If you’d like to see the presentation I shared with the class, it is available online and downloadable PDF format.

On Thursday, I had the marvelous privilege of going with Prof. Jorgenson and her students to Dodge Nature Preschool and observing their 3-5 year olds in (very) muddy outdoor play. I got to taste some maple tree sap they collected and read two picture books with a small group at their teacher’s request! (In the Woods: Who’s been here? by Lindsay Barrett George, and Frog on a Log by Kes Gray with pictures by Jim Field)

Many thanks to Prof. Jorgenson, her students, and Preschool Director Amy Warzybok for a truly spectacular week!

Support the 2022 AERIS KÖRPER SEASON and FANCY CAT!

**UPDATE: FULLY FUNDED!**

I am so excited to support the Kickstarter Campaign for the Aeris Körper 2022 season!

Help us pay these artists!

We have FIVE days left to raise $12,000 (CAD). These funds will be used to pay artists in a number of upcoming projects in the 2022 Aeris Körper season. We have a VERY long way to go — would you consider supporting us?

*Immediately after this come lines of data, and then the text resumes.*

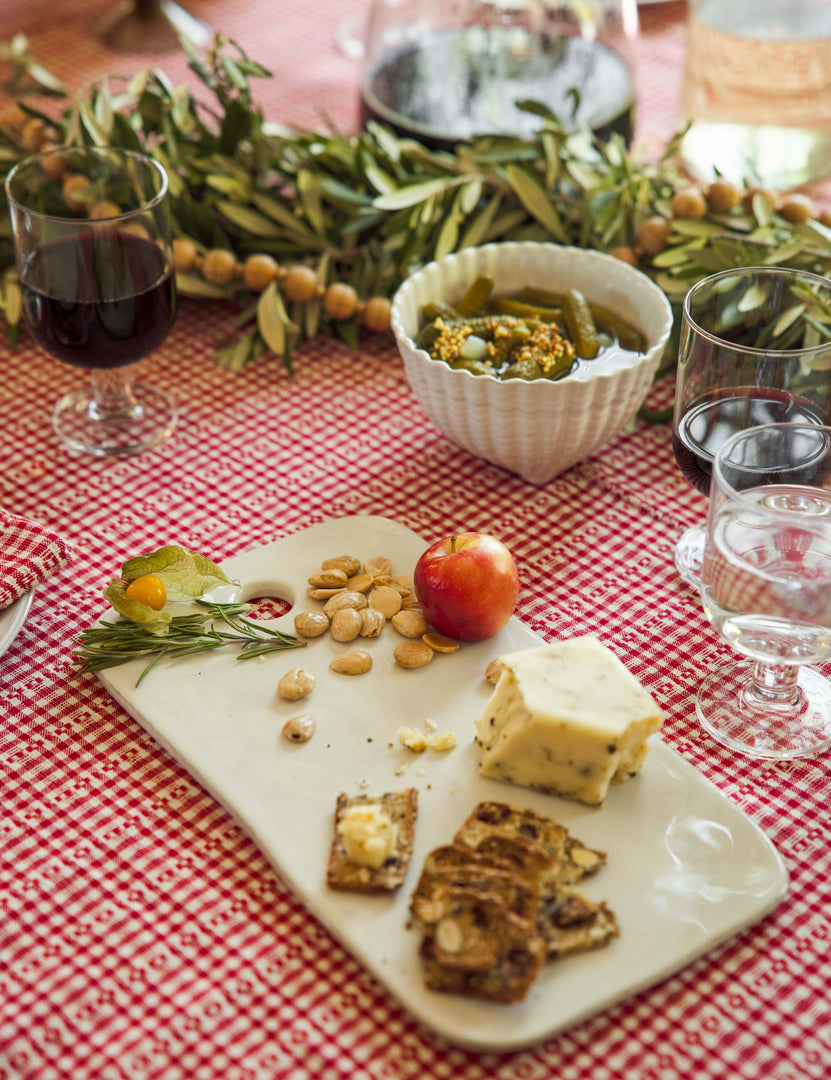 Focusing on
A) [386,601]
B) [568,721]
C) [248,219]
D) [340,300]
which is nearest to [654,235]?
[340,300]

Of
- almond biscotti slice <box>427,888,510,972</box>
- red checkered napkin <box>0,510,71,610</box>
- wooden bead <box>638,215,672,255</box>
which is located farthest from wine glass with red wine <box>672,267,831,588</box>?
red checkered napkin <box>0,510,71,610</box>

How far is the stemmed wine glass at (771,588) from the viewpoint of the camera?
884mm

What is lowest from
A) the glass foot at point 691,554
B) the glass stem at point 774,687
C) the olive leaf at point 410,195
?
the glass foot at point 691,554

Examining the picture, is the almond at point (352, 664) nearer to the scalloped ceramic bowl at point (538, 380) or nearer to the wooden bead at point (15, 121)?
the scalloped ceramic bowl at point (538, 380)

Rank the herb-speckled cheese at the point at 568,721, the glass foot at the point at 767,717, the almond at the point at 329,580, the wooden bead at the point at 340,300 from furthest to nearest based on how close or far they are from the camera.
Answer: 1. the wooden bead at the point at 340,300
2. the almond at the point at 329,580
3. the glass foot at the point at 767,717
4. the herb-speckled cheese at the point at 568,721

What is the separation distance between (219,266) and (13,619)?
58 centimetres

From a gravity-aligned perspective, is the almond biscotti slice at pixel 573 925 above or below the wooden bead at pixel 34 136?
below

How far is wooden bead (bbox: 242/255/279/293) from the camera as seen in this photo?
4.76ft

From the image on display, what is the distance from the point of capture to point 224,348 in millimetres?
1511

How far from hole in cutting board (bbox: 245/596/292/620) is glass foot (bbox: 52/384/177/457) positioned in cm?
31

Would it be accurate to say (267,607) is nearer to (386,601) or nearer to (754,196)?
(386,601)

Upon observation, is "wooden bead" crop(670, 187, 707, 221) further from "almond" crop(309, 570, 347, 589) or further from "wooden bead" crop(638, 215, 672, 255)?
"almond" crop(309, 570, 347, 589)

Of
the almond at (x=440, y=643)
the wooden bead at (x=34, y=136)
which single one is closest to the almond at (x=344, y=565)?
the almond at (x=440, y=643)

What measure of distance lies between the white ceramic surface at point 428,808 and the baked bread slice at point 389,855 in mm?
11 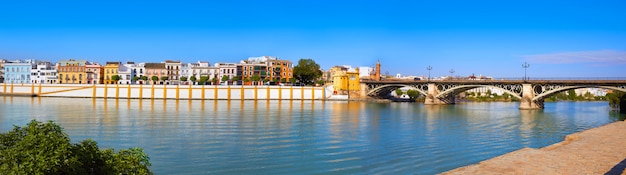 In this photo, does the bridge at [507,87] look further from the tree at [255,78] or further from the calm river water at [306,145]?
the calm river water at [306,145]

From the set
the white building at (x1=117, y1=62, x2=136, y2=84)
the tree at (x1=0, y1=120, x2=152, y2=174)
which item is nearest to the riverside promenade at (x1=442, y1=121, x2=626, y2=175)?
the tree at (x1=0, y1=120, x2=152, y2=174)

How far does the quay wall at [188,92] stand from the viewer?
309 feet

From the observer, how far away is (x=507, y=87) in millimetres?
73625

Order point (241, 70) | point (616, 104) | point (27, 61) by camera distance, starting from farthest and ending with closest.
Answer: point (27, 61), point (241, 70), point (616, 104)

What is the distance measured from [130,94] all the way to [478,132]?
77.1 m

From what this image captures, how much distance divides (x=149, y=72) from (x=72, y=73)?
17011 mm

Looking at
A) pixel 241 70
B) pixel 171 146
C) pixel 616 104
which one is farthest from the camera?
pixel 241 70

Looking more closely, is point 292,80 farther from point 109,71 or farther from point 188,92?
point 109,71

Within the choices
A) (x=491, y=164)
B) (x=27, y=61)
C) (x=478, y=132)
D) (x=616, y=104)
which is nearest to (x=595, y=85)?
(x=616, y=104)

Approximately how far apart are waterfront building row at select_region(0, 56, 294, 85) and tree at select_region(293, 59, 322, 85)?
1.87m

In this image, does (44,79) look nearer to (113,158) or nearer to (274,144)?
(274,144)

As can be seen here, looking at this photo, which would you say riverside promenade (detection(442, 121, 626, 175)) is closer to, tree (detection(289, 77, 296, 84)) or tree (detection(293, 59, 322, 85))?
tree (detection(289, 77, 296, 84))

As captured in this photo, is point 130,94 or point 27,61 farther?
point 27,61

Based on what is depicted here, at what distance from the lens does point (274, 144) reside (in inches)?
992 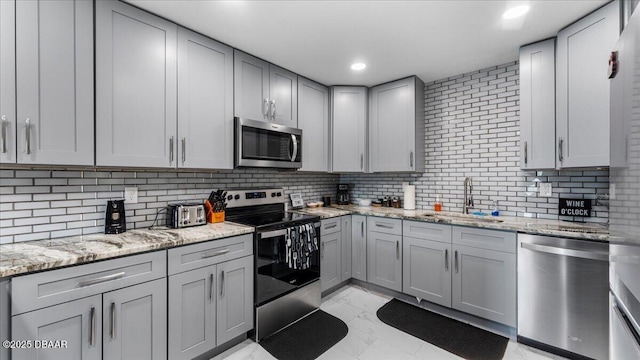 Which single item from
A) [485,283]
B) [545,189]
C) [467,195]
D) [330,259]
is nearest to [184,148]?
[330,259]

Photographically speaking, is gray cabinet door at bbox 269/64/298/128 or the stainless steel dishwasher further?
gray cabinet door at bbox 269/64/298/128

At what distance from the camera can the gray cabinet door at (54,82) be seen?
4.74ft

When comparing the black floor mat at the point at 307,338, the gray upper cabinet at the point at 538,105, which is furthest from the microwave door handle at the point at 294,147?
the gray upper cabinet at the point at 538,105

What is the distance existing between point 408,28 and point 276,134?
1.50 metres

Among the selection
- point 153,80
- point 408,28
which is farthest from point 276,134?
point 408,28

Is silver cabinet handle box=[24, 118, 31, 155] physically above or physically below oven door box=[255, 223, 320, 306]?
above

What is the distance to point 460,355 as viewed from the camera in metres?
2.05

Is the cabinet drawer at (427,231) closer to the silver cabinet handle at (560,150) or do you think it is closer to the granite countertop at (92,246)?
the silver cabinet handle at (560,150)

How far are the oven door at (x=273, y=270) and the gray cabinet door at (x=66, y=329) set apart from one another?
1025 millimetres

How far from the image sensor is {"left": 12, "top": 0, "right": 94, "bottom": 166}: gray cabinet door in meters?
1.45

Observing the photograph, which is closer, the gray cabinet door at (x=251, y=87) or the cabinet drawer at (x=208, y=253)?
the cabinet drawer at (x=208, y=253)

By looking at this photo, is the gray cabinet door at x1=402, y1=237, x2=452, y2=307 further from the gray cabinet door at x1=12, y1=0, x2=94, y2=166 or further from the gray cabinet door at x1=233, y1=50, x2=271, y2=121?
the gray cabinet door at x1=12, y1=0, x2=94, y2=166

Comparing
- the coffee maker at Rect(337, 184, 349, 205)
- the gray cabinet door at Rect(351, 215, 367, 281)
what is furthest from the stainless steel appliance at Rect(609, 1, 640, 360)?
the coffee maker at Rect(337, 184, 349, 205)

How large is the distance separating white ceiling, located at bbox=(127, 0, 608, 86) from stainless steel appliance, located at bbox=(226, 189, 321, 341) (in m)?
1.49
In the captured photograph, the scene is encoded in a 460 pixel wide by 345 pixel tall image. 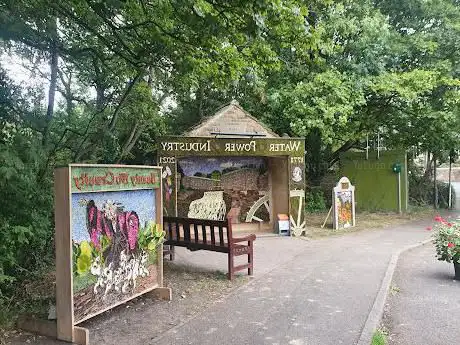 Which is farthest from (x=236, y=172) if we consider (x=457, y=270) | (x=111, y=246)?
(x=111, y=246)

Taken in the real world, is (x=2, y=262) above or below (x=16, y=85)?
below

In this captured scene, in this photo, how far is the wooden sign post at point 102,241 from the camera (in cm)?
470

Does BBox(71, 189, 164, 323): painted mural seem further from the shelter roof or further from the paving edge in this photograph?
the shelter roof

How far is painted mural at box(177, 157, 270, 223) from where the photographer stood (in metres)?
12.6

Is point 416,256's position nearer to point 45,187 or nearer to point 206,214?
point 206,214

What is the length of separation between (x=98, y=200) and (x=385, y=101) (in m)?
13.5

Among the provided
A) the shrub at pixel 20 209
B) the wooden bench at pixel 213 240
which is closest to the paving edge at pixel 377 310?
the wooden bench at pixel 213 240

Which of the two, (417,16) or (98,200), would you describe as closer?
(98,200)

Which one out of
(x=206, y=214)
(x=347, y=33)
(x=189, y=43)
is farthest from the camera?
(x=347, y=33)

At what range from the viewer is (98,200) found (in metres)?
5.20

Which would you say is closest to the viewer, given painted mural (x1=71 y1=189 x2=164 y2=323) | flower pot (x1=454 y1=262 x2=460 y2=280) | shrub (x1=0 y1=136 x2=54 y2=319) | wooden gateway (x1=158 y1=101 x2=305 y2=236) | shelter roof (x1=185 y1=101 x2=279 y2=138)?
painted mural (x1=71 y1=189 x2=164 y2=323)

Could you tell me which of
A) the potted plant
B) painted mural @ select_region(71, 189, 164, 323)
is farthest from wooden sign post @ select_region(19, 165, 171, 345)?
the potted plant

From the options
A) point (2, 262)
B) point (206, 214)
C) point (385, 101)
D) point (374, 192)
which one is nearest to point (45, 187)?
point (2, 262)

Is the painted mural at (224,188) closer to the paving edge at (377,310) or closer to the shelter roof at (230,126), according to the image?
the shelter roof at (230,126) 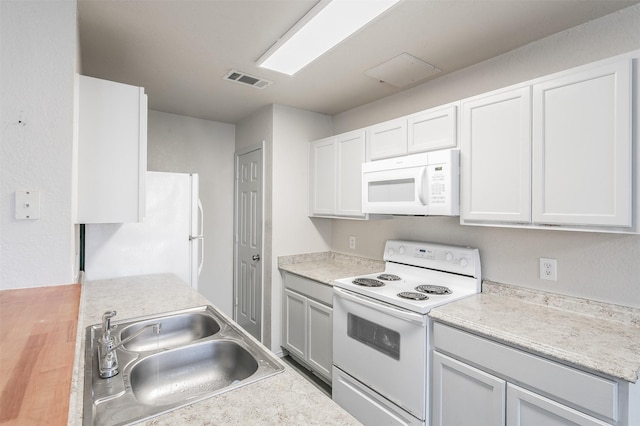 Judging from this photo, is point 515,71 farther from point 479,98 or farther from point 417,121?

The beautiful people pictured here (L to R: Alten, Mayumi, Shannon, Jody, Mikaela; on Zoom: me, Sid, Raphael, Dedra) joined us for a workshop of FANCY CAT, a children’s interdisciplinary art piece I wrote and am developing with AERIS KÖRPER and we could not be more thrilled about how it came together! 😻

Coming Soon from *kids in the hive*!

Coming soon: a great new video series about hibernating animals from my dear friend and collaborator *kids in the hive* (The Boy Who Was Fire)! Ranger Robin is delightful, sharing fun facts and animal noises, along with mindfulness and prosocial behavior building activities, all from the breathtakingly gorgeous Arcata Community Forest. ❤️

Be sure to Subscribe to their YouTube channel so you don’t miss any fun!

The Boy Who Was Fire

🔥 Video Premiere!🔥

In commemoration of International Earth Day, I am pleased to premiere a new video in collaboration with Pockets of…Publishing & Kids in the Hive.

The Boy Who Was Fire is a children’s book written by Marcus Kahle McCann & illustrated by Zita Varga. It begins with a small fire born to a tree and a bolt of lightning. This is a lyrical story of growth, redemption, and new beginnings. Appropriate for ages 5 years and older.

I am moved by this creative vision of what might happen if we put our fears of the unknown aside and lean into each other with compassion, recognizing the beauty and humanity of the person in front of us.

If you enjoy the book, you can purchase a signed hardcopy from Pockets of…Publishing.

I am grateful for MaryAnn Clark (MAC, All Play Productions/*kids in the hive*) reaching out early on in pandemic to ask if I wanted to collaborate on a video for The Boy Who Was Fire. She is a joy and I look forward to many more cooperative playground outings!